New releases like “Superman Returns” cost $3.99, while classics like “Reservoir Dogs” cost $2.99. The studio’s content plays in Microsoft’s Windows Media Player 11. It is secured by Microsoft’s antipiracy software, which blocks users from watching rented movies on more than one PC or sending them to others over the Internet.

Ashwin Navin, BitTorrent’s co-founder and chief operating officer, said the company had secured the right to permit users to buy outright digital copies of films, but the studios wanted to charge prices that would be too high for most consumers. “We don’t think the current prices are a smart thing to show any user,” he said. “We want to allocate services with very digestible price points.”

BitTorrent, which is based in San Francisco and has 45 employees, will face significant challenges as it tries to carve out some space in the emerging digital downloading landscape. Apple is the largest presence among the legitimate Internet media stores. ITunes, which has sold more than a billion dollars worth of digital music, sells movies from Walt Disney and Paramount and programs from all the major TV networks.

Other entrants in the nascent field include Walmart.com, MovieLink.com (owned by four of the studios) and Amazon Unbox, which recently announced a way for TiVo users to download movies to their television instead of watching them on smaller PC screens.

Michael McGuire, a vice president at the research firm Gartner, said BitTorrent and its rivals all face the same challenge: “They must get consumers to look at this as a better and more reliable way to watch a movie than renting a DVD.”

There is also the illegal economy in pirated video content, whose size dwarfs that of the legal online media stores. The Motion Picture Association of America has said that a million movies are illegally acquired every day using BitTorrent technology. The software is open source, so versions of it, as well as Web sites offering pirated movies, are maintained by companies not affiliated with BitTorrent.

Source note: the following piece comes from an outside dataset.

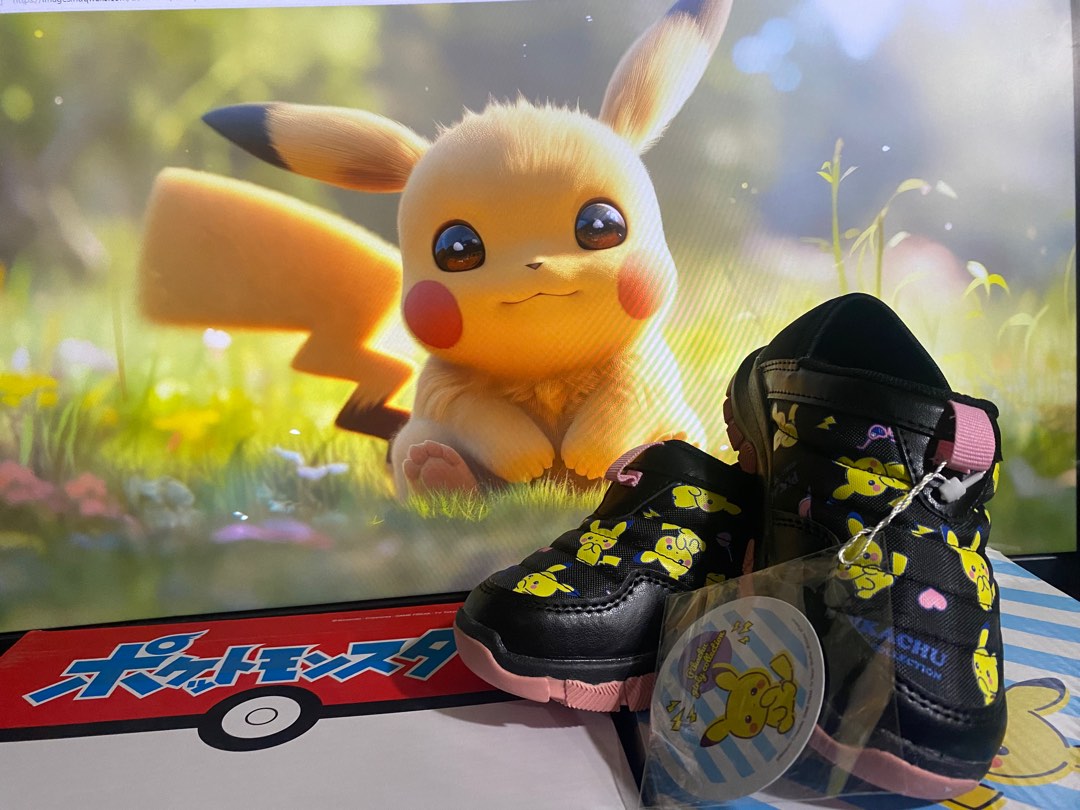 Geox sales pokemon pikachu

Bram Cohen, BitTorrent’s co-founder and chief executive and the inventor of the technology, said the new store would offer a compelling alternative to the illegal ecosystem. “I think what consumers want is a good experience,” he said, “and the first part of that is making the content they want available legitimately.”

But he added that the antipiracy software that will protect files in the new store, which the studios insist on including, will make the experience more cumbersome for users. “We are not happy with the user interface implications” of digital rights management, or D.R.M., Mr. Cohen said. “It’s an unfortunate thing. We would really like to strip it all away.”

BitTorrent’s store will have some advantages over legal rivals’. Its peer-to-peer technology introduced by Mr. Cohen in 2001 works by taking pieces of large files from nearby computer users who have that file, permitting speedy downloads.

In a test of the new BitTorrent store, downloading the film “X-Men 3” took two hours with a broadband Internet connection. Downloading the same movie from Walmart.com took three hours. And BitTorrent downloads should theoretically become faster as more people sign up, since digital copies will originate from nearby computers whose owners have bought the movie, instead of from a central server.

The company, which has received close to $30 million in venture capital, ultimately wants to use its media store to demonstrate how the underlying technology is effective at moving large files around the Internet. The it wants to sell the technology to other media stores and to the studios themselves.

The studios hope the new BitTorrent will put a dent in the illegal trading of their content. Thomas Lesinski, president of Paramount Pictures Digital Entertainment, said he hoped the store would win over young people accustomed to free fare. “We look at this as a first step in the peer-to-peer world, to try to steer people toward legitimate content,” he said.

BitTorrent executives say they are not able to prevent illegal downloads in the larger file-sharing world. But they cite internal studies that say 34 percent of BitTorrent users would pay for content if a comprehensive, legal service was available.

That group clearly does not include Aaron, a 36-year-old San Francisco programmer who does not want his full name used because he and his wife regularly use BitTorrent to download songs, movies and TV shows illegally.

After testing a prelaunch version of the legal BitTorrent store, he said it would not persuade him to abandon the limitless selection of content and freedom he enjoys on free BitTorrent sites.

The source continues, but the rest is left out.